It’s a good idea to know the different types of water heaters available before you purchase one:
- Conventional storage water heaters offer a ready reservoir (storage tank) of hot water
- Tankless or demand-type water heaters heat water directly without the use of a storage tank
- Heat pump water heaters move heat from one place to another instead of generating heat directly for providing hot water
- Solar water heaters use the sun’s heat to provide hot water
- Tankless coil and indirect water heaters use a home’s space heating system to heat water
When selecting the best type and model of water heater for your home, consider the following:
- Fuel type, availability, and cost. The fuel type or energy source you use for water heating will not only affect the water heater’s annual operation costs but also its size and energy efficiency. See below for more on selecting fuel types.
- Size. To provide your household with enough hot water and to maximize efficiency, you need a properly sized water heater. Visit the pages on different types of water heaters (linked above) for more on sizing.
- Energy efficiency. To maximize your energy and cost savings, you want to know how energy efficient a water heater is before you purchase it. Visit the pages on different types of water heaters (linked above) for more on estimating energy efficiency.
- Costs. Before you purchase a water heater, it’s also a good idea to estimate its annual operating costs and compare those costs with other less or more energy-efficient models. Visit the pages on different types of water heaters (linked above) for more on estimating costs.

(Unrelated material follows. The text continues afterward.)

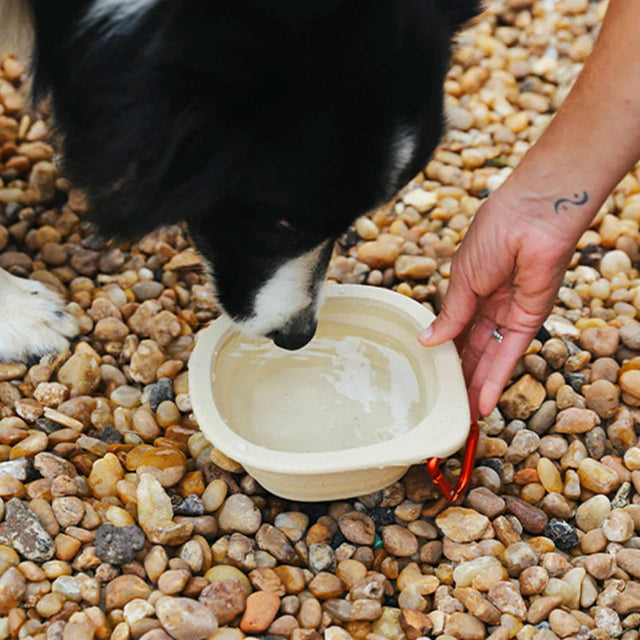 Zee.Dog Reisenapf Go Bowl, Biscotti Reisenapf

Also, be sure to do what you can to reduce your hot water use. You may also want to explore other strategies such as drain-water heat recovery to save money on your water heating bill.
Fuel types, availability and costs for water heating
When selecting a new water heater, it’s important to consider what fuel type or energy source you will use, including its availability and cost. The fuel used by a water heating system will not only affect annual operation costs but also the water heater’s size and energy efficiency.

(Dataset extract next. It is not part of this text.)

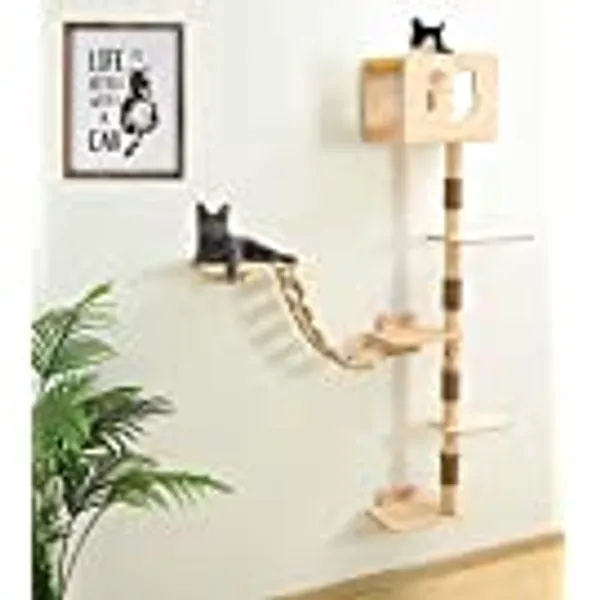 Cat Tree House with Hammock Wall Mount Cat Shelf Climbing Tall Activity Tower Solid Wood Indoor Cat Wall Furniture 75 Inch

Fuel type and its availability in your area may narrow your water heater choices. The following is a list of water heater options by fuel or energy source:
- Electricity Widely available in the United States to fuel conventional storage, tankless or demand-type, and heat pump water heaters. It also can be used with combination water and space heating systems, which include tankless coil and indirect water heaters.
- Fuel oil Available in some areas of the United States to fuel conventional storage water heaters, and indirect combination water and space heating systems.
- Geothermal energy Available throughout the United States to those who will have or already have a geothermal heat pump system installed in their homes for space heating and cooling. See Heat Pump Water Heaters for more information.
- Natural gas Available in many areas of the United States to fuel conventional storage and demand (tankless or instantaneous) water heaters, as well as combination water and space heating systems, which include tankless coil and indirect water heaters.
- Propane Available in many areas of the United States to fuel conventional storage and demand (tankless or instantaneous) water heaters, as well as indirect combination water and space heating systems.
- Solar energy Available throughout the United States — most abundantly in the Southwest — for solar water heaters.
Comparing fuel costs and water heater types
If you have more than one fuel type available in your area, it’s a good idea to compare fuel costs, especially if you’re building a new home. Even if you’re replacing a water heater, you may find that you’ll save more money in the long run if you use a different fuel or energy source. Contact your utility for current fuel costs or rates.
The type of water heater you choose will also affect your water heating costs. One type of water heater may use a fuel type more efficiently than another type of water heater. For example, an electric heat pump water heater typically is more energy efficient than an electric conventional storage water heater. Also, an electric heat pump water heater might have lower energy costs because of its higher efficiency than a gas-fired conventional storage water heater, even though local natural gas costs might be lower than the electricity rates.